I think it is a preallocation issue.
Looking to some of the output files (test_1000.out, test_100.out), under
Mat Object I see this in the KSPView

      total number of mallocs used during MatSetValues calls =10000

>
> Thanks for the help everyone,
>
> Justin
>
> On Wed, May 8, 2019 at 12:36 PM Matthew Knepley <knepley at gmail.com> wrote:
>
>> On Wed, May 8, 2019 at 2:30 PM Justin Chang <jychang48 at gmail.com> wrote:
>>
>>> Hi everyone,
>>>
>>> Yes I have these lines in my code:
>>>
>>> ierr = DMCreateMatrix(networkdm,&J);CHKERRQ(ierr);
>>> ierr =
>>> MatSetOption(J,MAT_NEW_NONZERO_ALLOCATION_ERR,PETSC_FALSE);CHKERRQ(ierr);
>>>
>>
>> Okay, its not allocation.

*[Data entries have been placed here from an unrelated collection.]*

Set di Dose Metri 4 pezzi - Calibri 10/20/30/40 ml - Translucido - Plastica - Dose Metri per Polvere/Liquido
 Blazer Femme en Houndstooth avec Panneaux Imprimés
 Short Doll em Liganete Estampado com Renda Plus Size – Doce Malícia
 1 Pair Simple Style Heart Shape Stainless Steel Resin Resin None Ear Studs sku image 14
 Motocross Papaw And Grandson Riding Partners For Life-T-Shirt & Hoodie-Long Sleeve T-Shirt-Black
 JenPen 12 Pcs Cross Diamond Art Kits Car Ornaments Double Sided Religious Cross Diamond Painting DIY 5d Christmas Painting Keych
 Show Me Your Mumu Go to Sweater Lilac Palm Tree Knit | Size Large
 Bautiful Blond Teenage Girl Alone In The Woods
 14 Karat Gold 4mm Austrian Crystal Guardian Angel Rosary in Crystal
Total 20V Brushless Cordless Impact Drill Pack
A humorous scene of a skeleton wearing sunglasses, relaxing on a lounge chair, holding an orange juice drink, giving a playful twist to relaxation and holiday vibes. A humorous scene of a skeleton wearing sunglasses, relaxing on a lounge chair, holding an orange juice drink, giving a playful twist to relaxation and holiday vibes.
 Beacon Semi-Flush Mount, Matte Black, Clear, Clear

So maybe Hong is right that its setting great
>> big element matrices. We will see with the example.
>>
>>   Thanks,
>>
>>     Matt
>>
>>
>>> I tried -info and here's my output:
>>>
>>> [0] PetscInitialize(): PETSc successfully started: number of processors
>>> = 1
>>> [0] PetscInitialize(): Running on machine: jchang31606s.domain
>>> [0] PetscCommDuplicate(): Duplicating a communicator 4436504608
>>> 140550815662944 max tags = 2147483647
>>> [0] PetscCommDuplicate(): Using internal PETSc communicator 4436504608
>>> 140550815662944
>>> [0] PetscCommDuplicate(): Using internal PETSc communicator 4436504608
>>> 140550815662944
>>> Base power = 0.166667, numbus = 115000, numgen = 5000, numyl = 75000,
>>> numdl = 5000, numlbr = 109999, numtbr = 5000
>>>
>>> **** Power flow dist case ****
>>>
>>> Base power = 0.166667, nbus = 115000, ngen = 5000, nwye = 75000, ndelta
>>> = 5000, nbranch = 114999
>>> [0] PetscCommDuplicate(): Duplicating a communicator 4436505120
>>> 140550815683104 max tags = 2147483647
>>> [0] PetscCommDuplicate(): Using internal PETSc communicator 4436505120
>>> 140550815683104
>>> [0] PetscCommDuplicate(): Using internal PETSc communicator 4436505120
>>> 140550815683104
>>> [0] PetscCommDuplicate(): Using internal PETSc communicator 4436505120
>>> 140550815683104
>>> [0] PetscCommDuplicate(): Using internal PETSc communicator 4436505120
>>> 140550815683104
>>> [0] PetscCommDuplicate(): Using internal PETSc communicator 4436505120
>>> 140550815683104
>>> [0] PetscCommDuplicate(): Using internal PETSc communicator 4436505120
>>> 140550815683104
>>> [0] PetscCommDuplicate(): Using internal PETSc communicator 4436505120
>>> 140550815683104
>>> [0] PetscCommDuplicate(): Using internal PETSc communicator 4436505120
>>> 140550815683104
>>> [0] PetscCommDuplicate(): Using internal PETSc communicator 4436505120
>>> 140550815683104
>>> [0] PetscCommDuplicate(): Using internal PETSc communicator 4436505120
>>> 140550815683104
>>> [0] PetscCommDuplicate(): Using internal PETSc communicator 4436505120
>>> 140550815683104
>>> [0] PetscCommDuplicate(): Using internal PETSc communicator 4436505120
>>> 140550815683104
>>> [0] MatAssemblyEnd_SeqAIJ(): Matrix size: 620000 X 620000; storage
>>> space: 0 unneeded,10799928 used
>>> [0] MatAssemblyEnd_SeqAIJ(): Number of mallocs during MatSetValues() is 0
>>> [0] MatAssemblyEnd_SeqAIJ(): Maximum nonzeros in any row is 28
>>> [0] MatCheckCompressedRow(): Found the ratio (num_zerorows
>>> 0)/(num_localrows 620000) < 0.6. Do not use CompressedRow routines.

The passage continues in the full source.